Richard P. MCBRIEN, The Church: The Evolution of Catholicism. New York: Harper One, 2008, xxviii + 496 pp., $29.95 (hardcover), ISBN: 978-0-06-124521-3.
Reviewed by Patrick HAYES, Redemptorist Fathers Archives, Brooklyn, New York.

This landmark volume in the history of contemporary ecclesiology places at the reader’s disposal a frank and comprehensive survey of the Catholic Church. One gets a sense that this is the summation of course notes accumulated over many years of teaching the subject. The fluidity of the narrative and the topical considerations on which Father McBrien alights suggest an author thoroughly at home in the field and equally in command of its fine points and open questions. Where aporias exist, McBrien shows us how the tradition created them and how the tradition might close them. It is a masterful and beautifully ordered evaluation of the Church, measured in its conjectures, and probative of the established understanding. In short, it is among the best offerings in Catholic ecclesiology ever produced in the English language.

There are eight parts to this volume, which in turn may be broken into several sections. Teachers with an eye toward using the book as a classroom text will find that the sections may be parsed in relatively manageable portions for their students. After an introduction to terminology and how ecclesiology fits into a more systematic schema in theology, McBrien’s next two sections relate New Testament ecclesiologies as well as those that emerged in the “post-biblical period to the mid-nineteenth century.” In these sections there are ruminations on familiar tropes, like the Church as people of God, Body of Christ, and temple of the Holy Spirit. Additionally, St. Augustine, monasticism, the Gregorian reforms, Great Schism, St. Thomas Aquinas, Protestant Reformation(s), and the missionary experience are all treated—albeit at break neck speed—giving attention to the precise ways in which the Church was understood and shaped. Their respective thinking on given theories of the Church is often coupled with the requisite analysis of their historical circumstances which inevitably accentuated or muted ideas on the height, depth and breadth of the Church. It is a pity that neither Giles of Rome, nor John of Paris, get much more than a footnote here; Nicholas of Cusa is not even mentioned. At a time when the Church’s self-understanding was hammered out by such formidable canonists and churchmen, it seems a shame that they are passed over. Still, some of the more complex terms that emerge during the periods of nascent growth in the New Testament Church as well as over the next eighteen centuries are given in a glossary that is at once concise and useful.
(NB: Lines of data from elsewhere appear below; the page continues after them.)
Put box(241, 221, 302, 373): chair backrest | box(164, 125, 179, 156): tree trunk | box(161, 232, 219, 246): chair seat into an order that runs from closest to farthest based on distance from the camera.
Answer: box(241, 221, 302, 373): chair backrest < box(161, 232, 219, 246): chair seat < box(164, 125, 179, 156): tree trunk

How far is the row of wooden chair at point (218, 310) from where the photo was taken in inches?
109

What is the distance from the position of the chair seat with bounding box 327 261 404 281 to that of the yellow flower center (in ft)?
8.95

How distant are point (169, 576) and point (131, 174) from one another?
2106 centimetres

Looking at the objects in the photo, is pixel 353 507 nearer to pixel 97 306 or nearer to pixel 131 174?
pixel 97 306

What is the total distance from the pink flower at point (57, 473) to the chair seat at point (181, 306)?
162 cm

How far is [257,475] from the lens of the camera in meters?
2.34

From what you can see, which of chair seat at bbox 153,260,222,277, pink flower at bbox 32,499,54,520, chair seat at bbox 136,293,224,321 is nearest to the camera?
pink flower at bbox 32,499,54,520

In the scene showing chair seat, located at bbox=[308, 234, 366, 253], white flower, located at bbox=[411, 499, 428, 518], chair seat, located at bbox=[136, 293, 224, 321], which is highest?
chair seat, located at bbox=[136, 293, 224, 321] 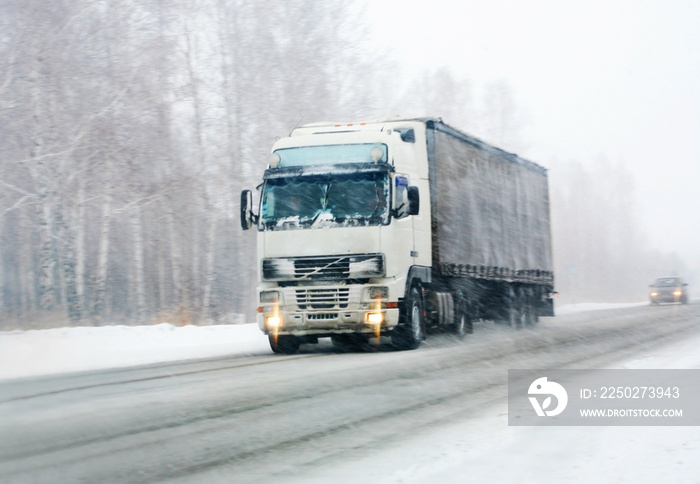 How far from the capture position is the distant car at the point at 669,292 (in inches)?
1918

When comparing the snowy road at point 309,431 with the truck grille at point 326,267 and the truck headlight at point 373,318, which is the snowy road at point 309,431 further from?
the truck grille at point 326,267

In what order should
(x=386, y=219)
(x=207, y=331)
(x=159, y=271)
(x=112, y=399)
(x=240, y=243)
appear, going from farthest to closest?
(x=159, y=271) < (x=240, y=243) < (x=207, y=331) < (x=386, y=219) < (x=112, y=399)

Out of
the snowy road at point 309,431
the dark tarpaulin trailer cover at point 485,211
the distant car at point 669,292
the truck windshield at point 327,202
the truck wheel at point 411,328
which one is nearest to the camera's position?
the snowy road at point 309,431

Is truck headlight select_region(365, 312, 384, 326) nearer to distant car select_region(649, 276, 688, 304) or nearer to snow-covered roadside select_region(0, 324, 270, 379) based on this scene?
snow-covered roadside select_region(0, 324, 270, 379)

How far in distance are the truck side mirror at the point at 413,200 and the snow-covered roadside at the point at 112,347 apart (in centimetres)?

The fourth part treats the historical development of ecclesiology from the First Council of the Vatican to the years leading to Vatican II. This is arguably the best part, particularly for McBrien’s survey of the encyclical literature of Popes Pius IX and Leo XIII and their impact upon debates over infallibility. Together with a very useful presentation of the manualist tradition, based on a reading of the representatives of the Salamanca School, such as Joachim Salaverri’s De Ecclesia Christi (about which one hears very little these days), and the more familiar names of twentieth century ecclesiologies—Rahner, Congar, Schillebeeckx, and Küng—McBrien encapsulates some of the main areas of contention. Each relates to the hierarchical magisterium differently and McBrien suggests that this variety is as it should be because that is the way it has always been. Diversity is constitutive of or elementary to Church tradition.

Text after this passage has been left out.